== TASK ==
An exact reproduction of the records is required. Images must be left out.

*** DATASET ***

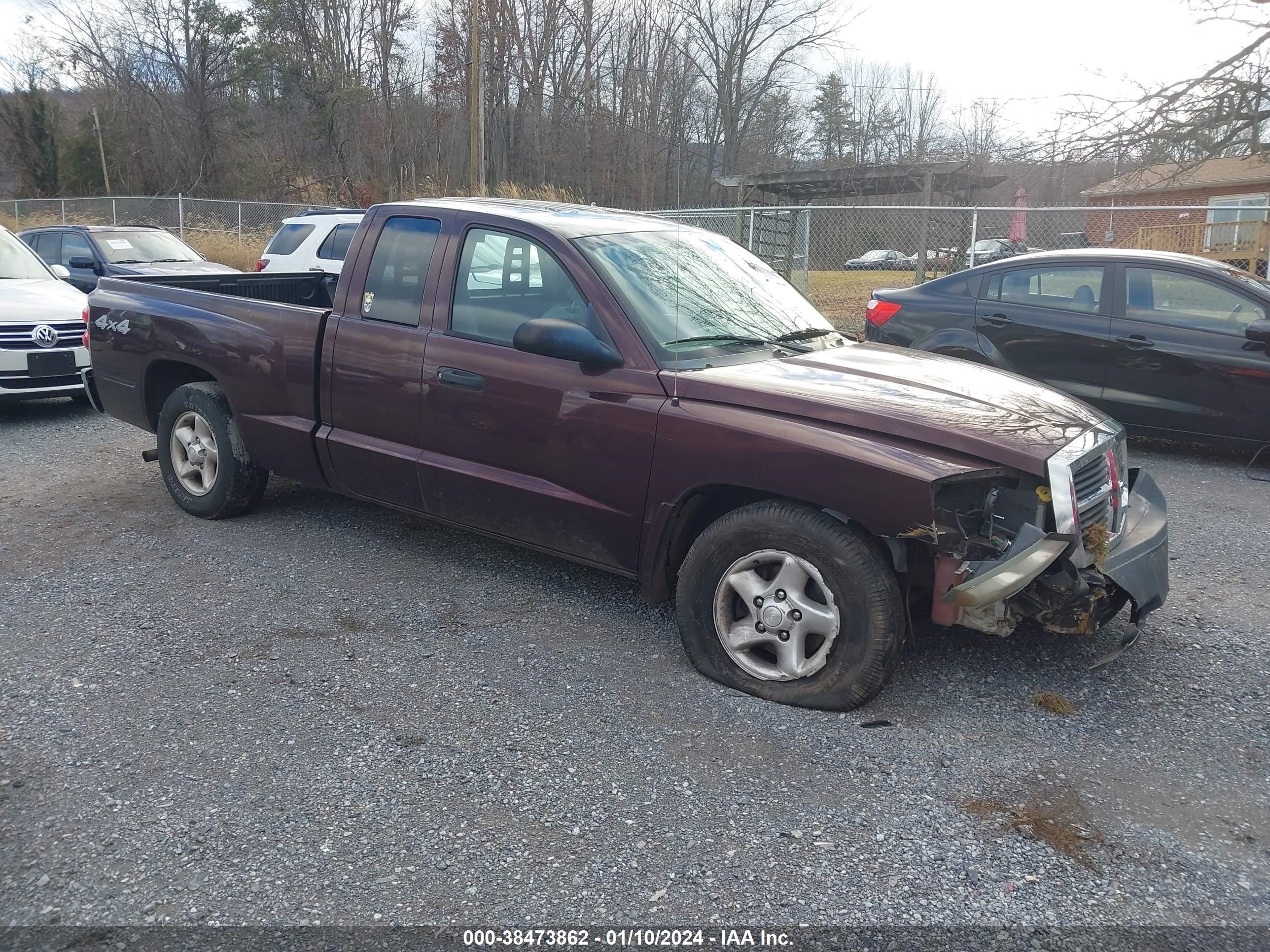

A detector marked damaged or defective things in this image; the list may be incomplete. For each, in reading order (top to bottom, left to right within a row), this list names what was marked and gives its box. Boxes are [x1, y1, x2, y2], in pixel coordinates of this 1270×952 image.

damaged maroon pickup truck [82, 199, 1167, 710]
crushed front bumper [1104, 471, 1167, 627]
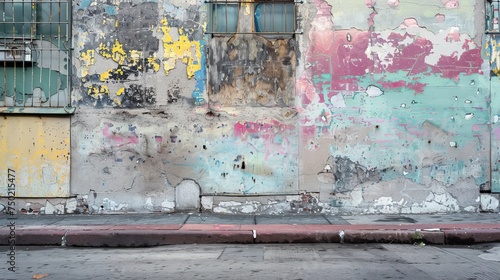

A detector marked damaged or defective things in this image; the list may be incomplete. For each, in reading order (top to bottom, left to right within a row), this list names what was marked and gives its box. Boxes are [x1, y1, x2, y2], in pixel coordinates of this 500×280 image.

rusted metal grate [0, 0, 72, 114]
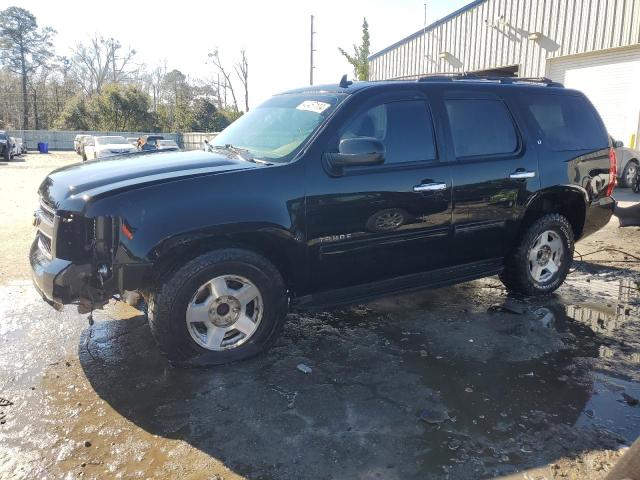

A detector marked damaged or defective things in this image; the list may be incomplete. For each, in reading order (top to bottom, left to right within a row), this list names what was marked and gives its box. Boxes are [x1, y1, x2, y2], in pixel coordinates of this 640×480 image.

damaged front end [30, 197, 116, 314]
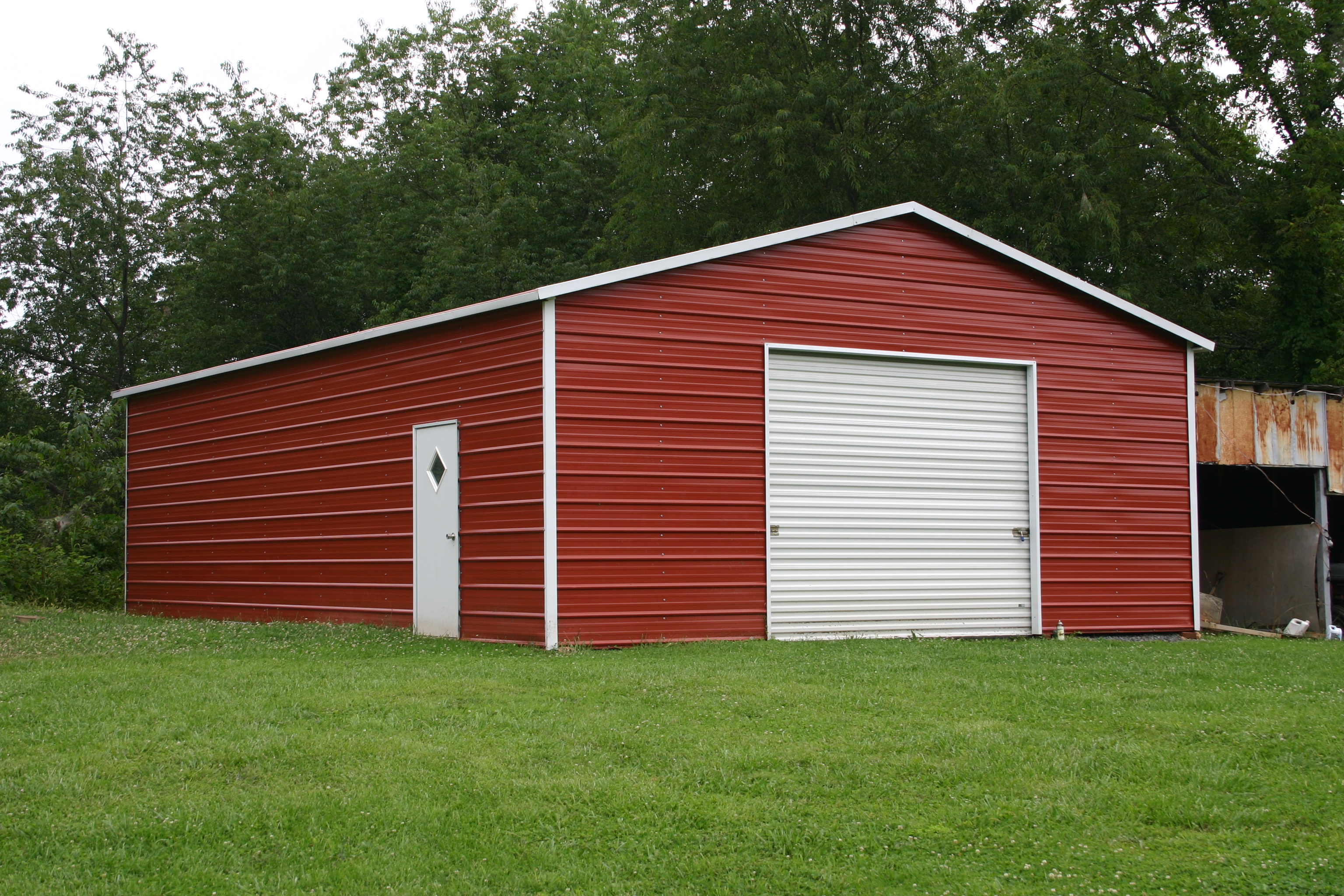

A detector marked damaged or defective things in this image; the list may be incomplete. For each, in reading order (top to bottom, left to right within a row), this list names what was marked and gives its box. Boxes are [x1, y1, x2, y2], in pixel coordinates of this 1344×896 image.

rust stain on metal [1199, 376, 1344, 494]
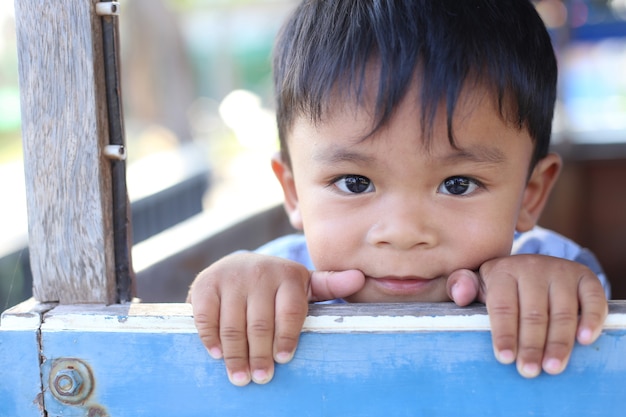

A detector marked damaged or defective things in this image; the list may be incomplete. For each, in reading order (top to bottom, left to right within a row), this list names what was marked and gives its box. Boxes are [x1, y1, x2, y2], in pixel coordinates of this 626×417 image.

rusty bolt [53, 368, 83, 394]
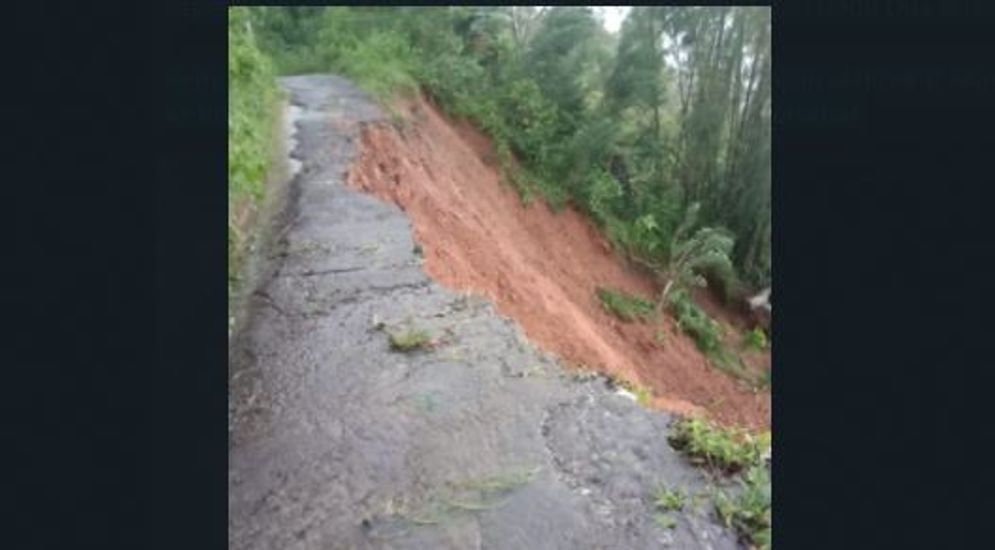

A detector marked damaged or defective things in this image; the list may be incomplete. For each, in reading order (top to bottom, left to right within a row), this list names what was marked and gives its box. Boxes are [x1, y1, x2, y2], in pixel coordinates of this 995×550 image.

cracked asphalt road [230, 75, 744, 548]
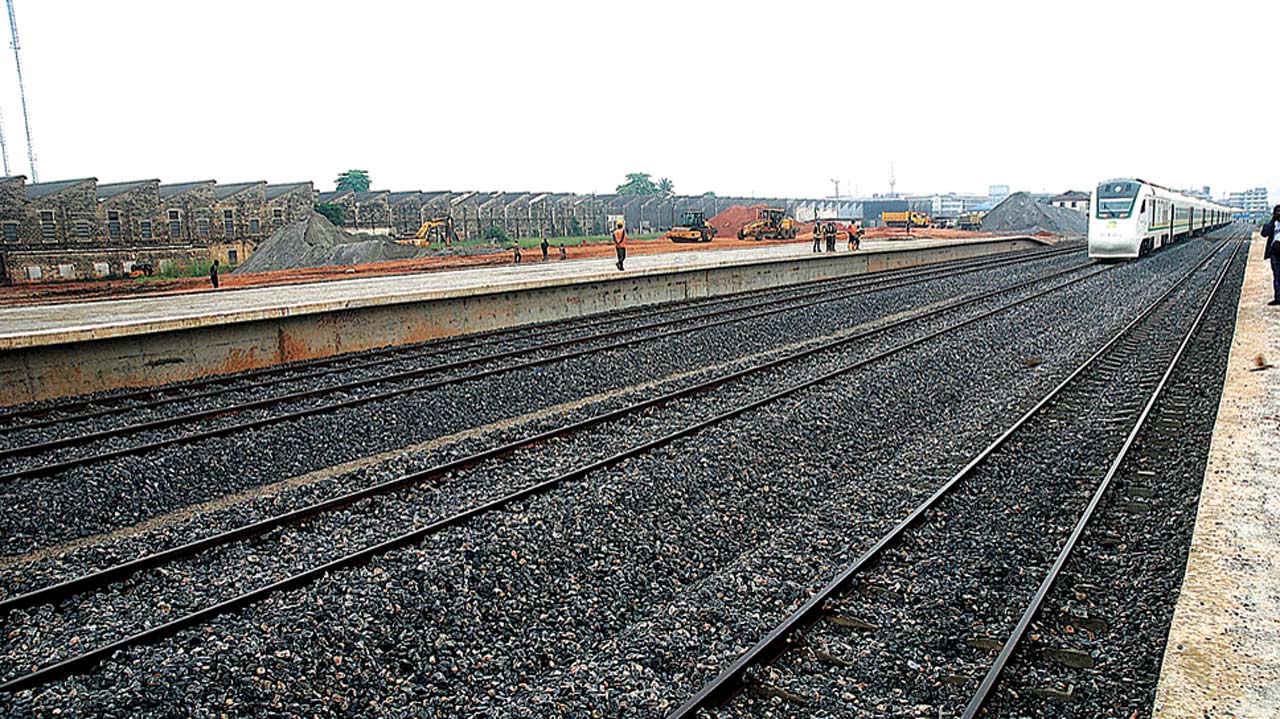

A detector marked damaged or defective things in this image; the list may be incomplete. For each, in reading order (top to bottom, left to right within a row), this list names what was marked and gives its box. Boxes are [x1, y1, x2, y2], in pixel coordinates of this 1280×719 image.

rusted concrete wall [0, 235, 1044, 404]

*** End of DATASET ***

== EXPECTED ANSWER ==
A detector marked damaged or defective things in this image; the list may be incomplete. For each, in reading order (top to bottom, left to right within a row), this list names what was marked and gives its box. Boxes are [x1, y1, x2, y2], in pixel coordinates of this 1270×952 image.

damaged maroon pickup truck [82, 199, 1167, 710]
crushed front bumper [1104, 471, 1167, 627]

A detector marked damaged or defective things in this image; the list may be incomplete. For each, in reading order (top to bottom, left to right within a row), this list names what was marked and gives its box. Boxes are [x1, y1, x2, y2], in pixel coordinates of this 500×280 image.

rusted metal grate [0, 0, 72, 114]

A detector marked damaged or defective things in this image; the list may be incomplete. For each, in reading order (top to bottom, left to right within a row), this list names what was marked and gives its box. Boxes are [x1, y1, x2, y2], in pixel coordinates of this 640×480 image.

damaged front end [30, 197, 116, 314]

A detector marked damaged or defective things in this image; the list may be incomplete. For each, in reading order (top to bottom, left to right within a row), this list names what was marked and gives its box. Boxes are [x1, y1, x2, y2], in pixel coordinates of this 1344×896 image.

rust stain on metal [1199, 376, 1344, 494]

A detector marked damaged or defective things in this image; the list may be incomplete. For each, in reading order (top to bottom, left to right within a row), this list names what was marked and gives its box. Boxes are [x1, y1, x2, y2], in pixel coordinates of this 626×417 image.

rusty bolt [53, 368, 83, 394]

A detector marked damaged or defective things in this image; the list may be incomplete. For each, in reading order (top to bottom, left to right within a row), this list names what was marked and gives its box. Boxes are [x1, y1, x2, y2], in pixel coordinates of this 995×550 image.

cracked asphalt road [230, 75, 744, 548]

A detector marked damaged or defective things in this image; the list may be incomplete. For each, in reading order (top to bottom, left to right within a row), this list names what was marked and gives its box. Boxes are [x1, y1, x2, y2], in pixel coordinates of this 1280×719 image.

rusted concrete wall [0, 235, 1044, 404]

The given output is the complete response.